(To do): Reproduce the data below exactly as written. Pictures do not belong in the copy.

(Information provided):

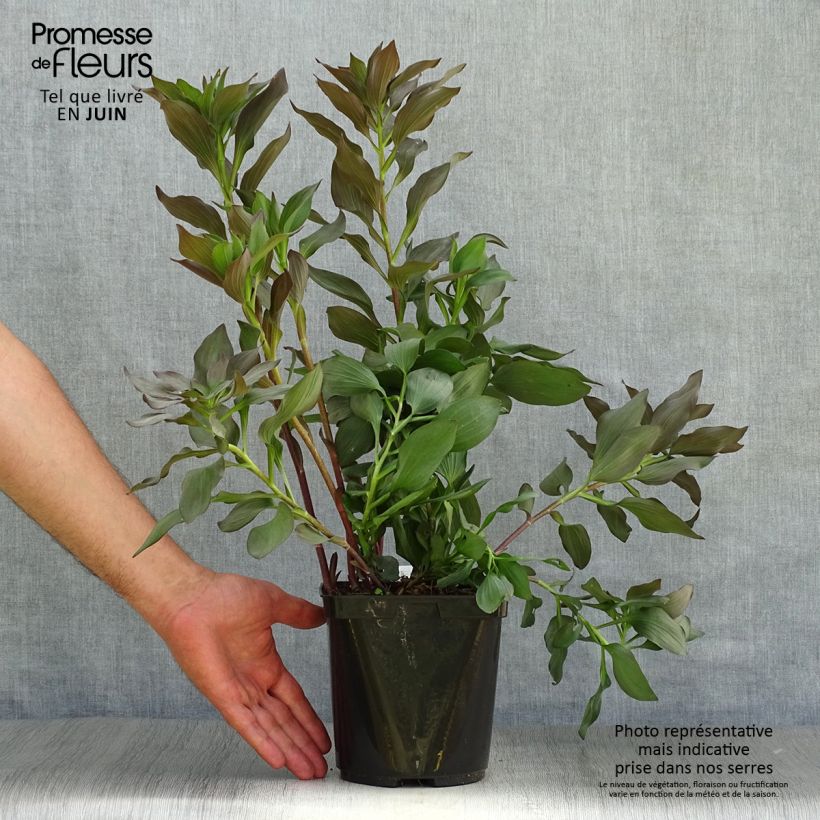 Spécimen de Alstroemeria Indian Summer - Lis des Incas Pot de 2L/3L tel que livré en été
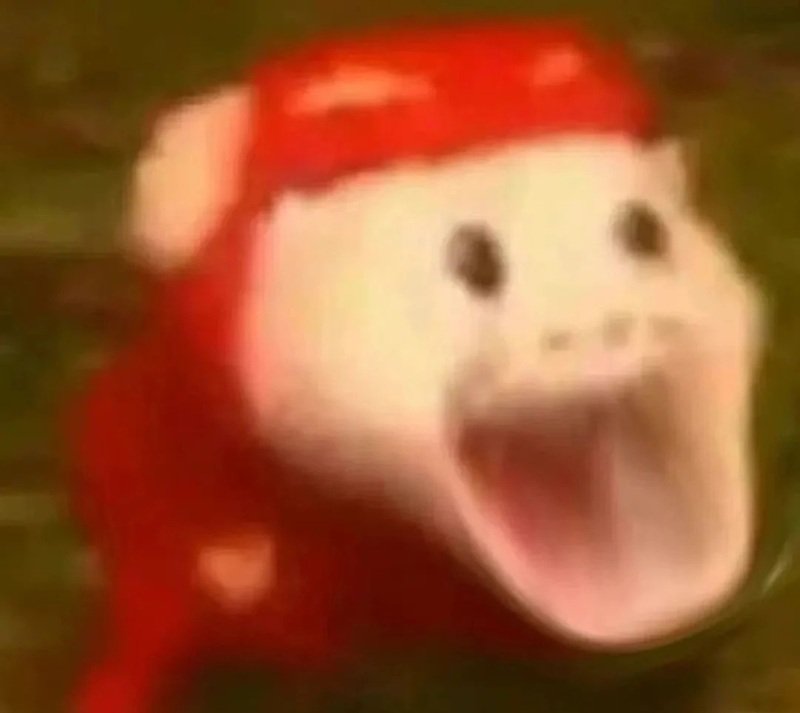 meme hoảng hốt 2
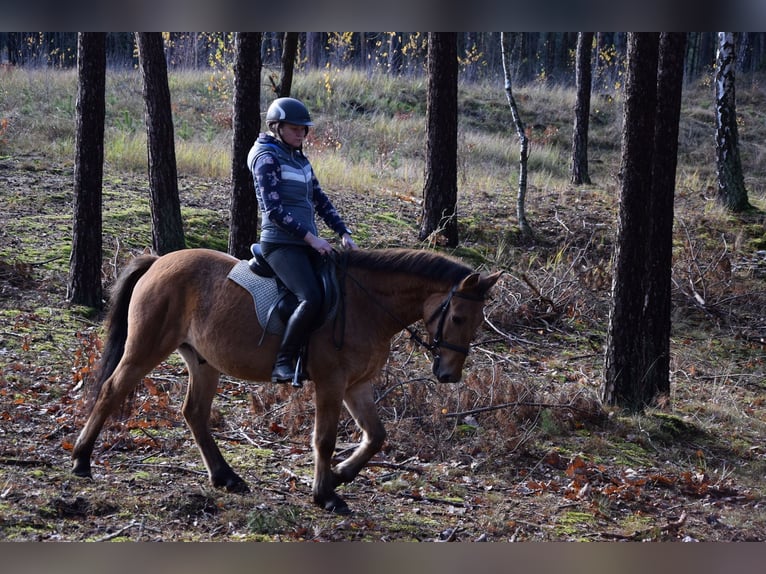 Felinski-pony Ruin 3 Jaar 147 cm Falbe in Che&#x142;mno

(Final answer):
 Spécimen de Alstroemeria Indian Summer - Lis des Incas Pot de 2L/3L tel que livré en été
 meme hoảng hốt 2
 Felinski-pony Ruin 3 Jaar 147 cm Falbe in Che&#x142;mno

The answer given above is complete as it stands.